- $35 (375 ml)
- 91 Proof
- Batch #33
- New York
This was the second bottle from the two-pack of 375 ml bottles that my wife bought me a short while back. The other one was the 10 Year Blended Bourbon. I do love that my wife bought me this two-pack. Honestly, I don't know that I would have ever gotten around to grabbing a bottle of this off the shelf. While it sounds interesting, aged in oak and apple wood and all, it's just not so interesting that I've felt I needed to try it.
But, when someone gifts me a bottle, my curiosity is going to get the best of me every time, and I'm going to give it a whirl. If nothing else, it gives me something new to write about here. So, despite that I never really had a great desire to try this in the first instance, and despite that it came in a weird little skinny bottle, I, of course, nonetheless cracked it open and enjoyed it pour after pour until it was gone.

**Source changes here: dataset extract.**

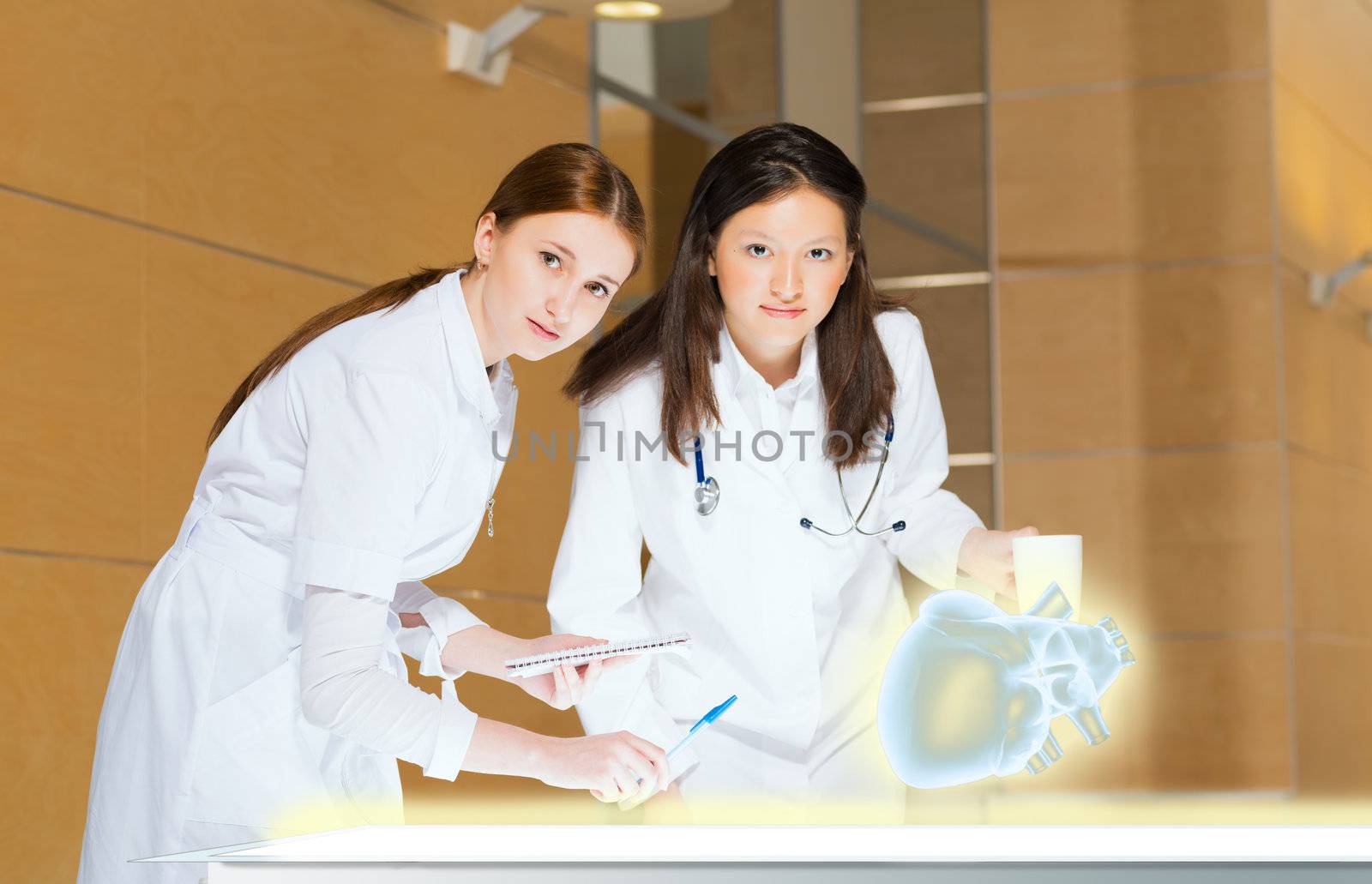 two doctors stand near glowing table discussing. projected objects on a desk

The nose on this was actually pretty good. It was light and crisp, with notes of caramel and vanilla and a consistent undercurrent of pear. It did have a bit of a bread or cracker note to it, like a plain wafer cracker, but it also had a touch of black pepper and cinnamon to tickle my nose a bit and keep it interesting.
The first thing I noticed upon my first sip was that it was very drinkable and, dare I say, smooth. The proof is somewhat low, but not so low that it should come across as completely watered down. But, it was certainly a softer whiskey, with few sharp edges and also not a lot of punch. So, good and bad.

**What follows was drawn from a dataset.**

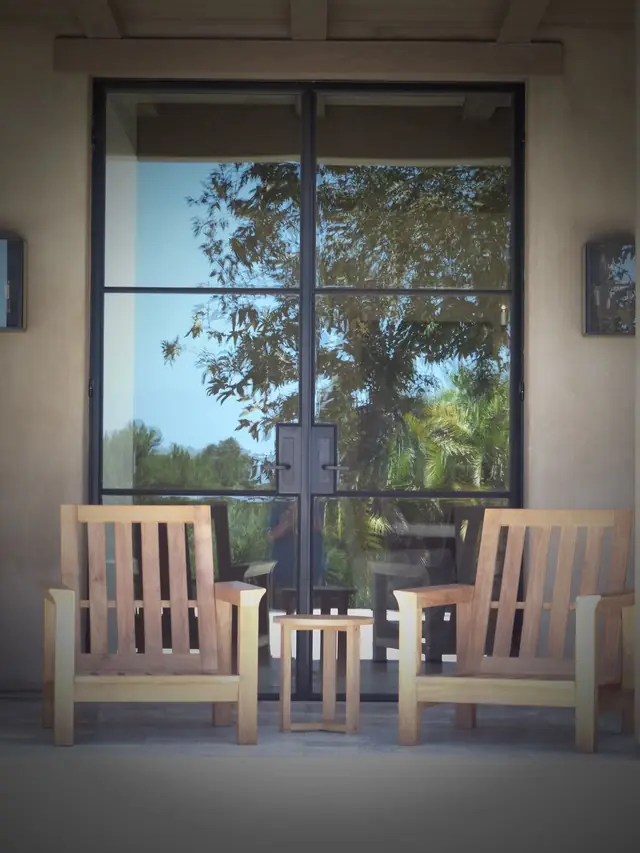 A black steel-framed door and window installation on a Southern California home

The flavor was very vanilla forward, kind of like a French vanilla flavor. I'm not sure what makes French vanilla different from regular, but there's definitely a difference, and that's what I noticed here. Along with the vanilla, the other more prominent note was a crisp fruit note. But, it wasn't that apple note that I so often get with a young whiskey (I have no idea how old this one was), but rather more of a pear note. I think this is what made it so drinkable, because it was crisp and almost refreshing.
What was disappointing, though, was the lack of any rye spice. If I'm grabbing a rye off the shelf, I'm doing so because I want a rye. I want those flavors and spices that I get from a rye. Give me the pickle and pine, the cinnamon and brown sugar. Here, all I got was vanilla and pear. I did get some nice cinnamon and pepper on the nose, but that was noticeably absent in the flavor.

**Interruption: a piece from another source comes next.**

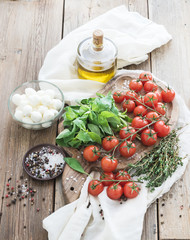 Basil, cherry-tomatoes, mozarella, olive oil,  salt, spices on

The last few pours of this were very sweet, almost as though the nectar from the pear had somehow settled at the bottom. And those sips were almost entirely that pear note. I don't know if it came from the apple wood that it was aged in or the unnamed source of the "rye mash" itself (the label doesn't actually call this a rye whiskey), but that was nearly all I got.
Again, this was very easy to drink, but that only gets me so far. I want flavor, I want complexity, and with a rye, or even something "distilled from a rye mash," I want spice. And this had none of that. So, I was glad I got to try it, but I'm also glad that I was justified in not reaching for it sooner.